Las Vegas called 'mortgage fraud ground zero'

ByABC News
June 3, 2008, 4:54 AM

LAS VEGAS -- In the shadow of Sunrise Mountain, where Rolling Hills Drive turns into Gold Mine Drive, a plain two-story home sits unoccupied, like thousands of other houses here in southern Nevada.

Some of these empty homes have "for sale" signs. Others bear signs saying "foreclosure." Authorities say hundreds of them, including this one on Rolling Hills Drive, should have a different sign out front, one that reads "fraud."

Prosecutors contend this house was sold last year to a straw buyer as part of a sprawling mortgage fraud perpetrated by a husband-and-wife team involving 277 properties in greater Las Vegas.
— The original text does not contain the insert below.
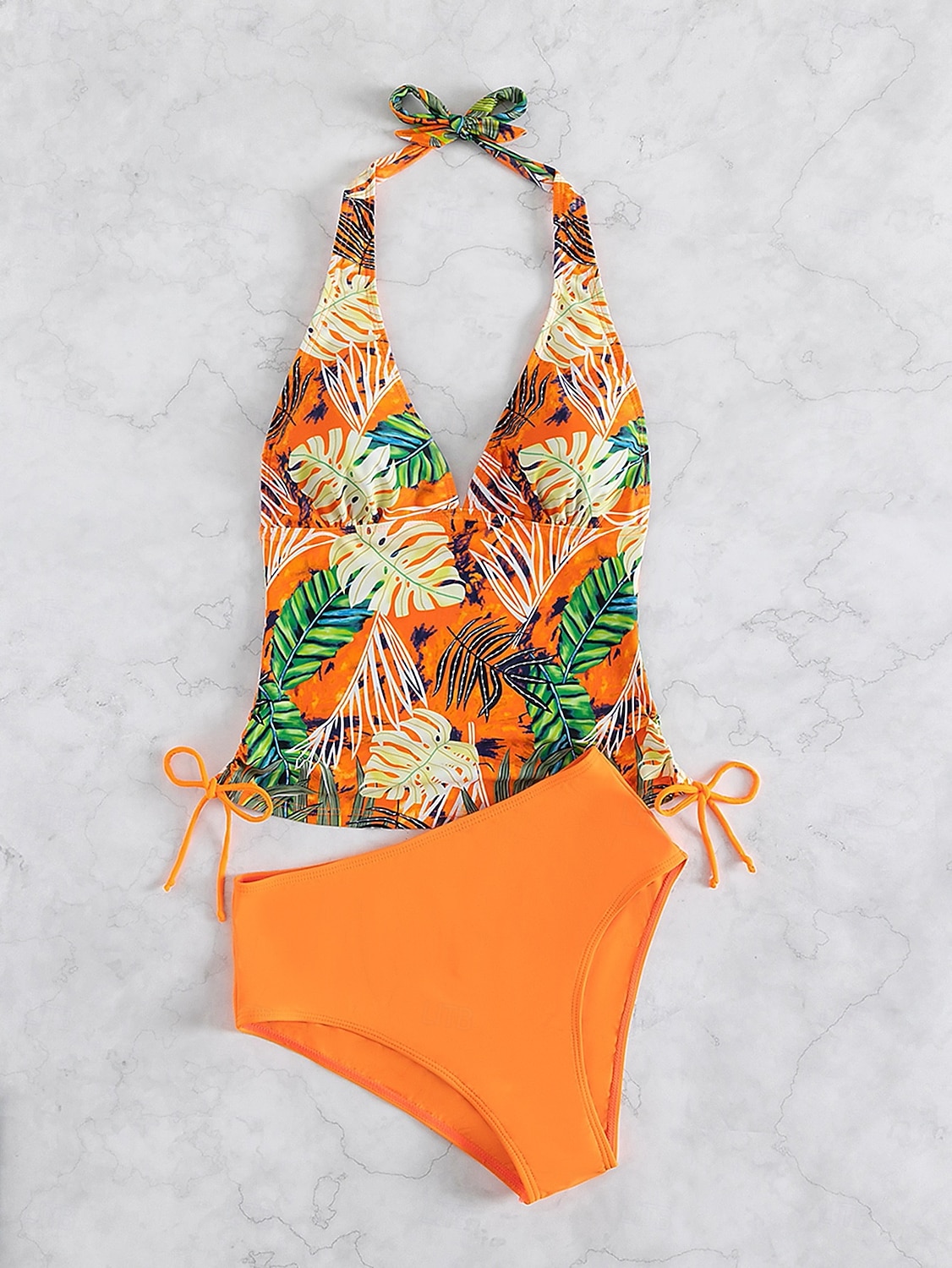 Costume da bagno tankini da donna 2 pezzi arricciato palmo cheeky controllo pancia vita alta slinguato senza schiena vacanza in spiaggia scollatura a halter floreale senza maniche del 2026 a $22.99 –P6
Prosecutors have charged Eve Mazzarella, 30, and Steven Grimm, 45, with bank fraud, alleging the two caused banks to make more than $107 million in dubious loans and netted a profit of at least $15 million. Both defendants pleaded not guilty to the charges. A trial has been scheduled for October.

To the untrained eye, the size, scope and sophistication of the alleged scheme is noteworthy. But to the FBI in Las Vegas, the problem is the opposite: In recent years, there have been so many mortgage fraud cases, the bureau and local prosecutors have had to establish a special task force to combat the problem.

Scott Hunter, the FBI's supervisory special agent here, describes the region as "mortgage fraud ground zero."

The problem is so widespread that everyone seems to know someone affected by it. Even one of the FBI's Las Vegas agents has a connection: Special Agent Henry Schlumpf's wife was the real estate broker who sold the Rolling Hills Drive house last year to a straw buyer representing Mazzarella and Grimm.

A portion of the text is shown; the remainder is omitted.